** Opening Data shown block **

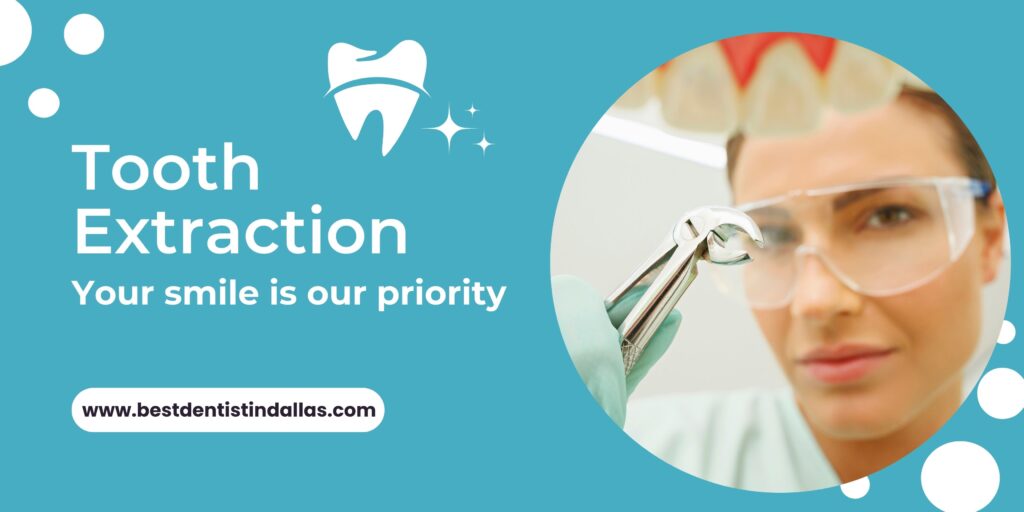 tooth extraction dallas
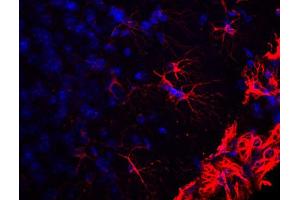Indirect immustaining of cortex section from PFA fixed mouse brain (dilution 1 : 500).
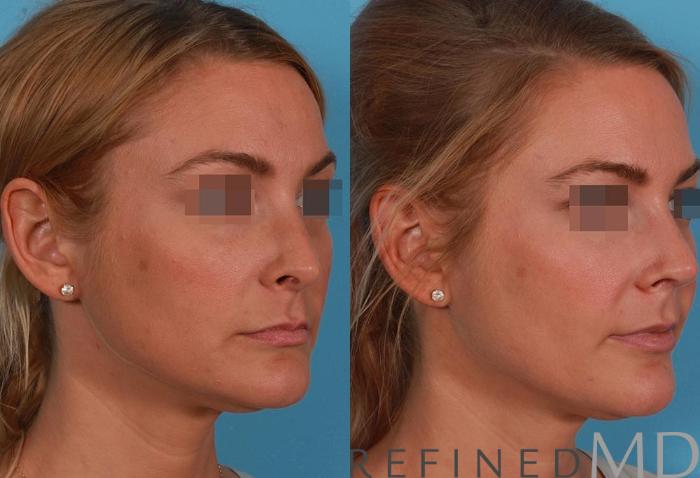 Before & After Rhinoplasty Case 1122 View 2 View in Los Gatos & San Jose, CA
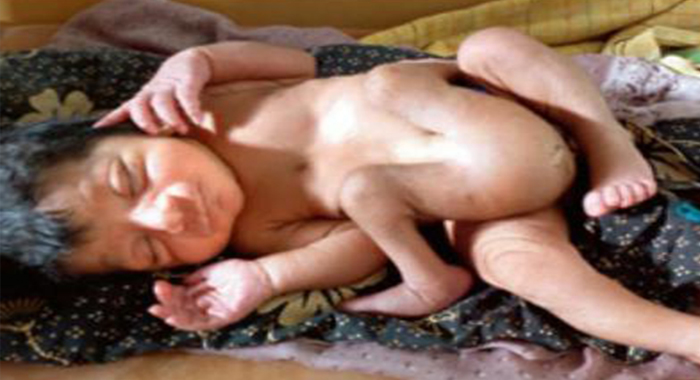 woman-gives-birth-to-baby-with-4-legs-2-male-sex-organs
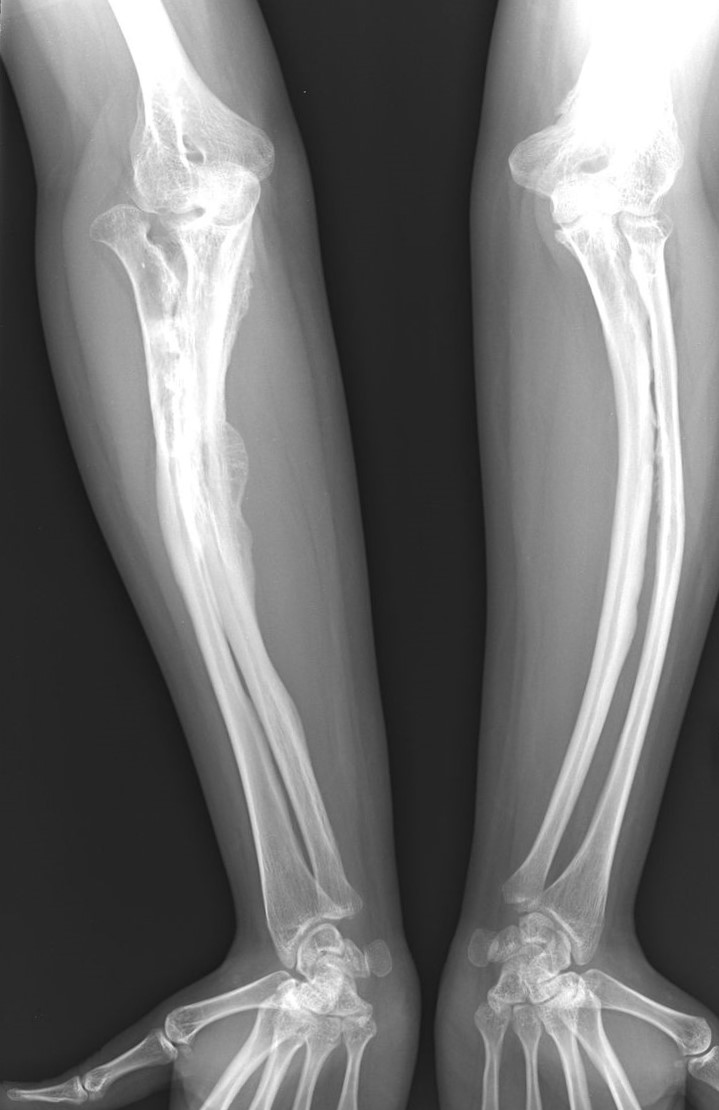 Röntgenbilder av osteogenesis imperfecta-sjukdom hos en vuxen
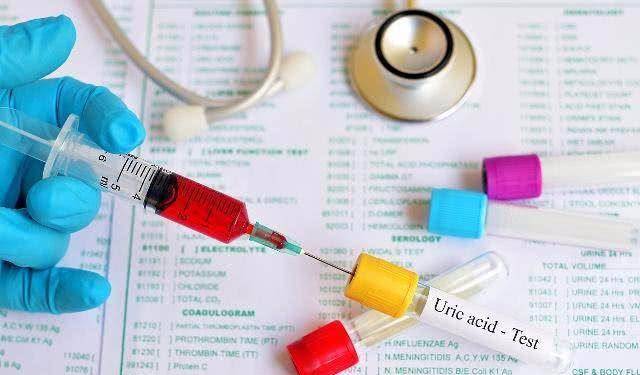 症状|尿酸高的人，若有这2种症状，可能已经连累到了肾脏，希望你没有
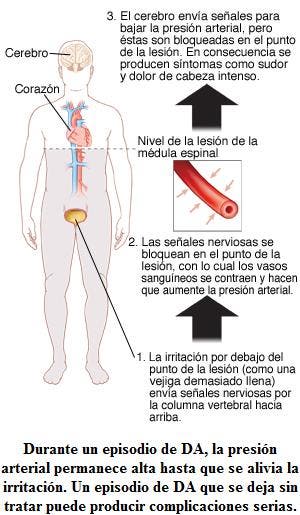 disreflexia autonoma complicacion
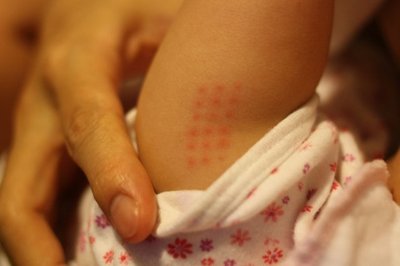 ３-４ヶ月検診+BCG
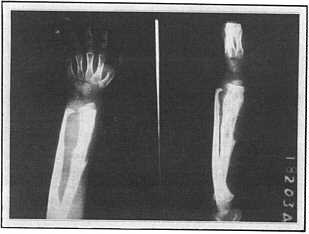 bntumor.jpg (7971 bytes)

** Closing Data shown block **

Each line from the one with "disreflexia autonoma complicacion" to the end of the material needs to be output word for word, with no picture included.

 disreflexia autonoma complicacion
 ３-４ヶ月検診+BCG
 bntumor.jpg (7971 bytes)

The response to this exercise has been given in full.